> **YOUR TASK**: Please output exactly the lines below, starting at the line that has "Folding Balcony Chair" and ending at the line that has "Freshware Tablas de", both included; leave out all pictures and include nothing else.

BEGIN RECORDS SHOWN

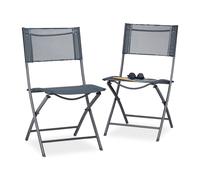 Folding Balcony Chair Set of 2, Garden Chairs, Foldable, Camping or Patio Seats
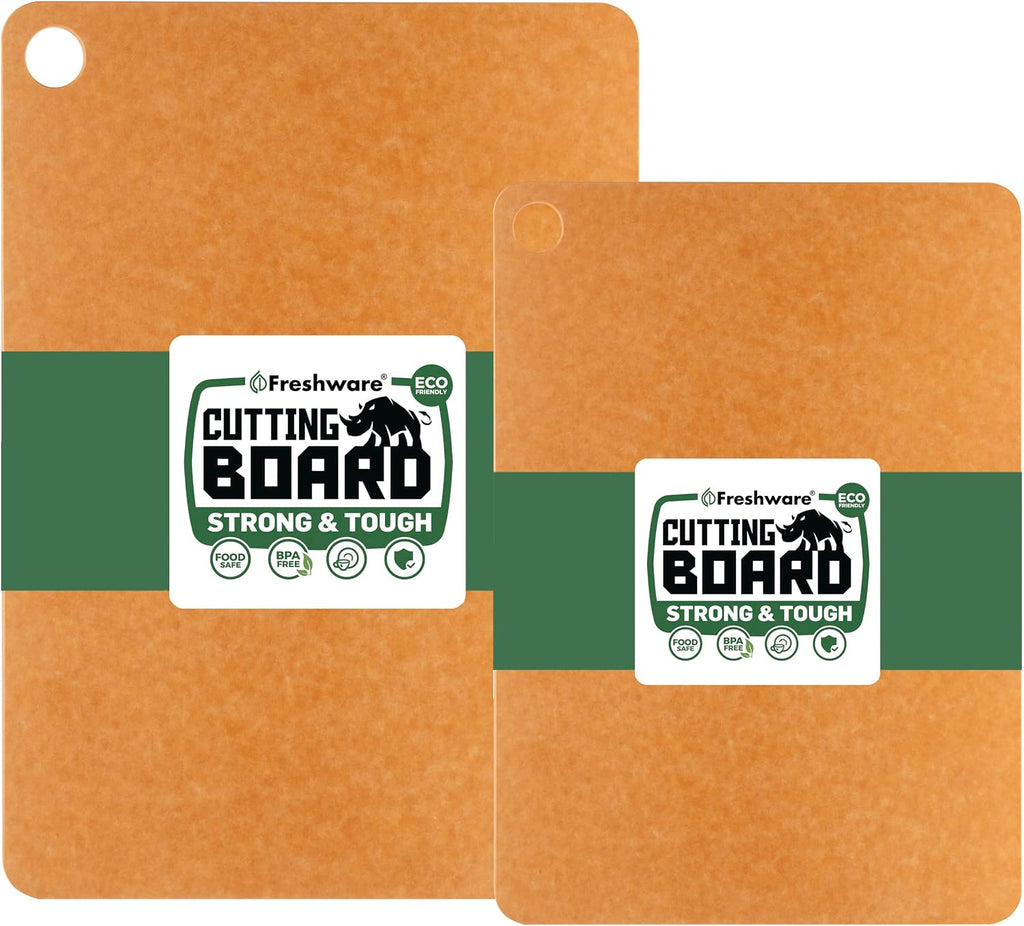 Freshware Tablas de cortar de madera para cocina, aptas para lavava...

END RECORDS SHOWN
BEGIN RECORDS SHOWN

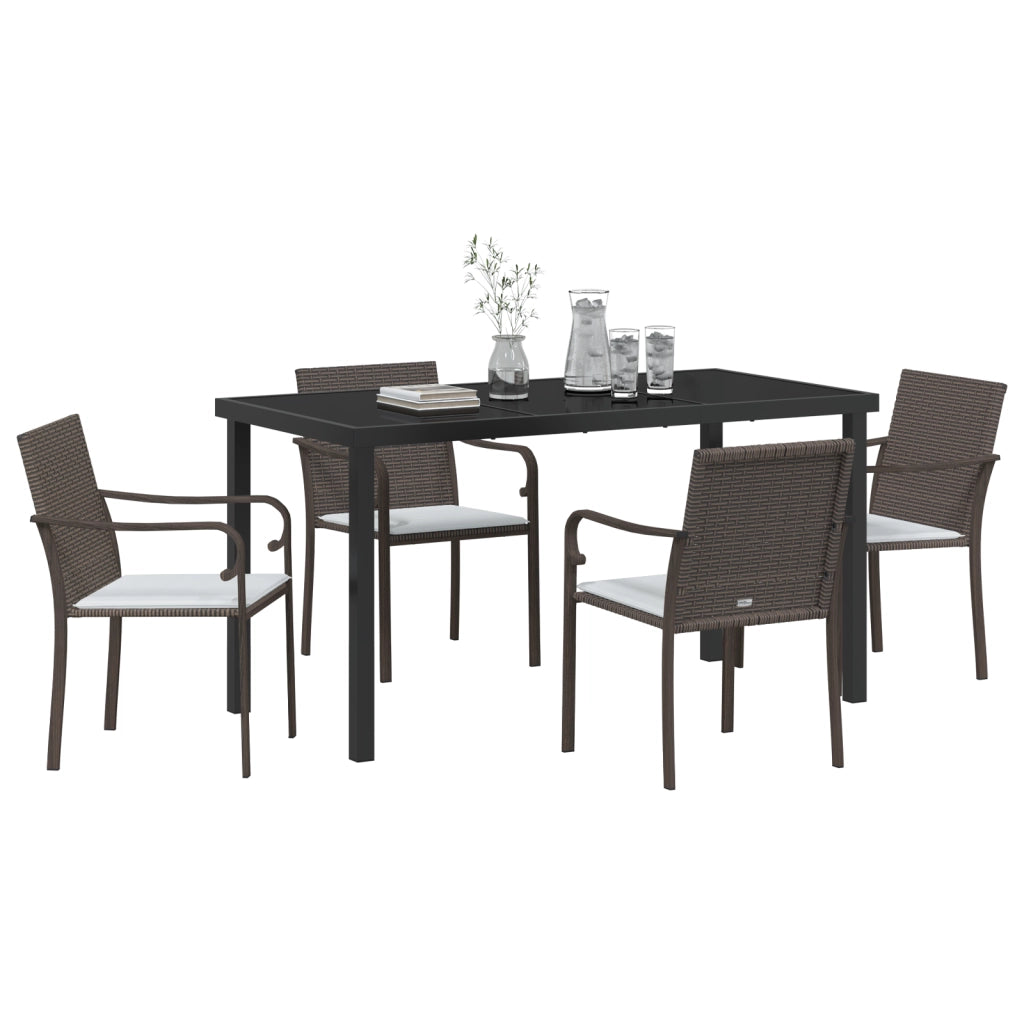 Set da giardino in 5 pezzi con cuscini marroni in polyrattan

END RECORDS SHOWN

> **TASK OUTPUT**:
 Folding Balcony Chair Set of 2, Garden Chairs, Foldable, Camping or Patio Seats
 Freshware Tablas de cortar de madera para cocina, aptas para lavava...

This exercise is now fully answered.